This Twine story of transformation begins unpromisingly with the question, “first things first witchdumpling what’s in your drawers • vagina • penis • what’s it to ya.” This is obviously problematic. Who is being addressed? Does the answer matter? What happened to the punctuation? Does the writer have so little faith in their ability to command the reader’s identification with the protagonist – in a story written in second person present tense, no less – that they can’t get past your underwear? After all, they’ll shortly be writing this:
> look around your apartment
what a mess, dishes fill the sink, hair covers the floor. the air is hazy and sharp from the cloud of poison misery that smothers the city outside, the air conditioning unit rattles and whines, and the old tv set softly mumbles static.
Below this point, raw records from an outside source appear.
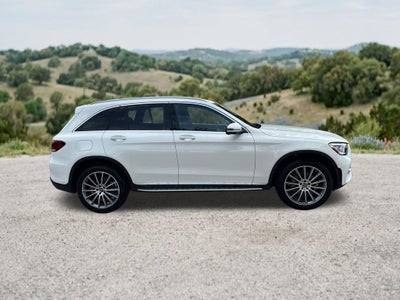2021 Mercedes-Benz GLC GLC 300 4MATIC®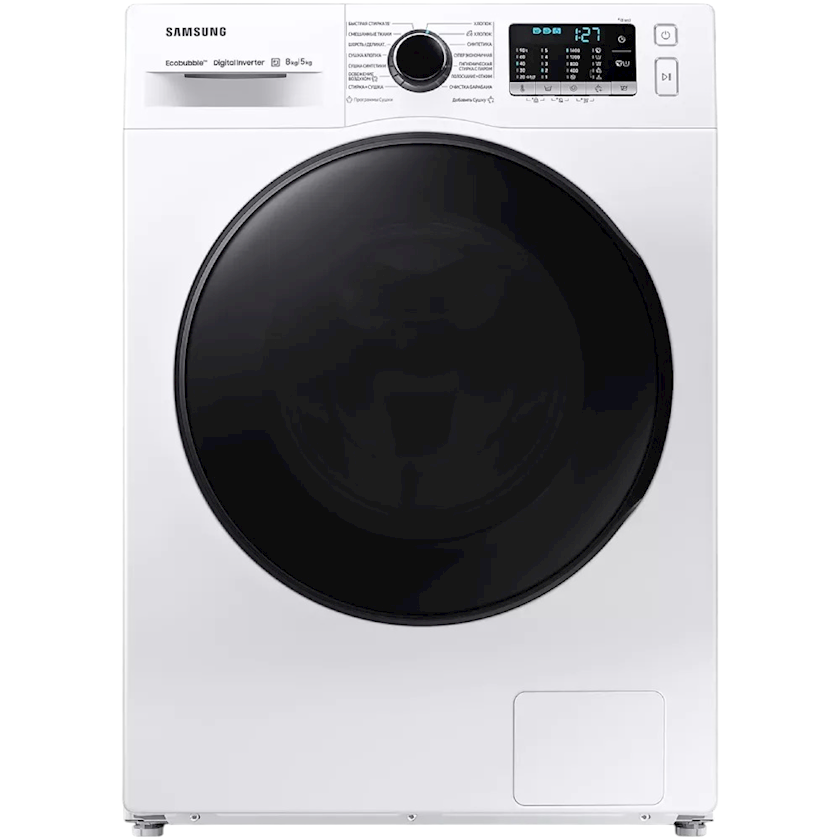 Paltaryuyan maşın Samsung WD80AAS42BE/LP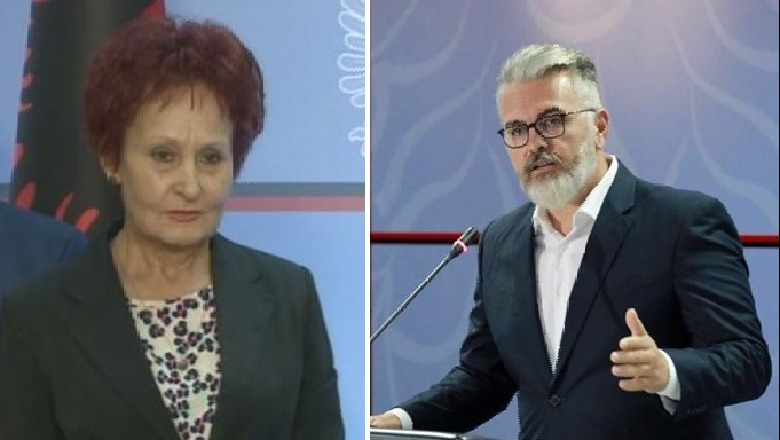 Lirohet nga detyra prefektja e Tiranës, zëvendësohet nga Toni Gogu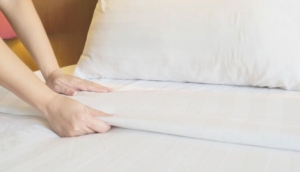 Uzmanlar uyardı: Yatak çarşaflarındaki bakteriler risk taşıyor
But dishes don’t fill the sink. There is no sink. I’m reading this in my office. (The air conditioner might take the edge off the city haze; why include it? If we don’t have a dishwasher, maybe we don’t have an air conditioner either.) I can get past all this: I can imagine the sink, I can imagine the dishes. I can imagine being the sort of girl who is about to summon the elder gods to her dingy Staten Island walkup: I’d better be able to imagine that, because it’s that kind of story.
Of course, things are not that simple. The author is (or might be) transexual; the whole question of “what’s in your drawers” matters to them. I’m not sure that ritual transformation into a demonic supernatural being is really the ideal way to explore that question, but what do I know? Eva Problems is also seriously interested in Milton, which is a good thing, but here is chiefly concerned with the meeting between Satan and Sin (his daughter and former lover) and Death (their illegitimate son). (II 629-884)
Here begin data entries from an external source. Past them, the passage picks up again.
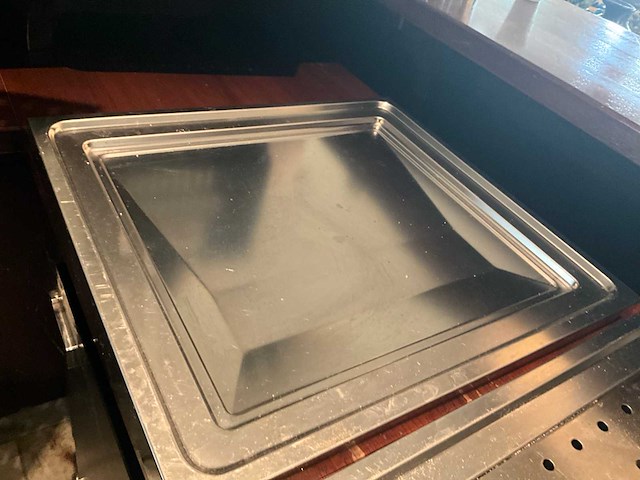 Glas was- en reinigingsmachine (2x) - afbeelding 4 van  4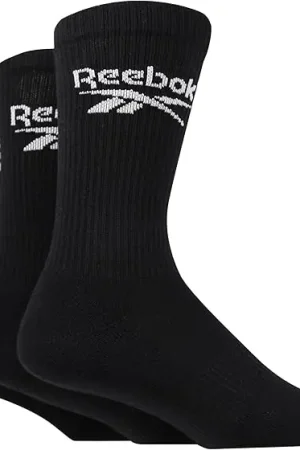 Pack 3 paires de chaussettes Reebok Active Core Bon Marché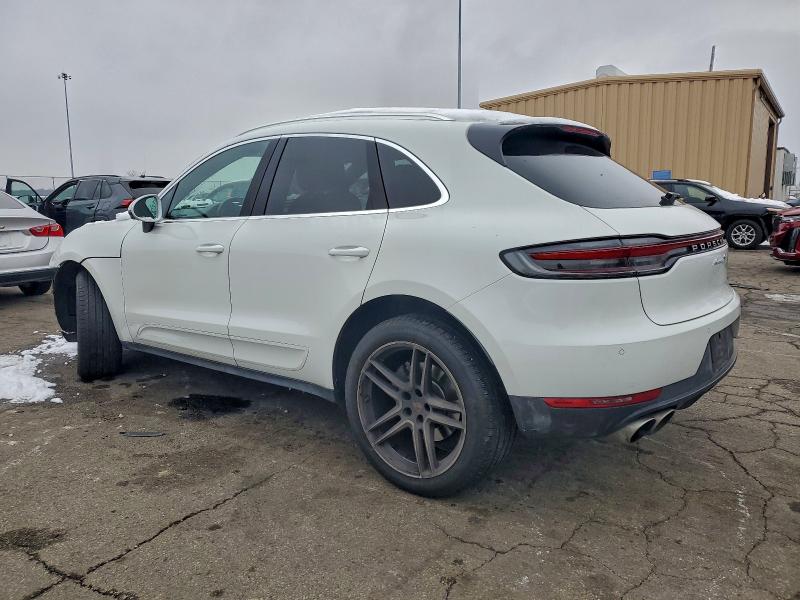 2021 PORSCHE MACAN S #3309287644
But ended foul in many a scaly fould
Voluminous and vast, a Serpent arm'd
With mortal sting: about her middle round
A cry of Hell Hounds never ceasing bark'd
With wide Cerberian mouths full loud, and rung
A hideous Peal: yet, when they list, would creep,
If aught disturb'd thir noyse, into her woomb,
And kennel there, yet there still bark'd and howl'd
I came late to Milton (via His Dark Materials) and he’s great at his best, and Book II is Milton’s best. Still, Homer nods, and young Shakespeare sometimes chimes, and Milton is inclined to go overboard, and if there’s one episode where he loses his head entirely, this is it.
But if there’s something to take away from Milton here, it’s the ancient morning prayer: “Blessed art thou, Lord our God, King of the Universe, who hast not made me a woman.” Which makes Eva Problems’ focus on the passage particularly interesting, but that’s a discussion we don’t get to have.
There’s an inventive hypertext trapped in Sabbat and trying to get out. You see hints of it in the finished work, gestures like the end where an attack on capitalism (and perhaps a defense of Stalinist ruthlessness?) seems rushed and unreflective. Almost all the links are story choices, asking what you want to do now, and most of the rest are inconsequential.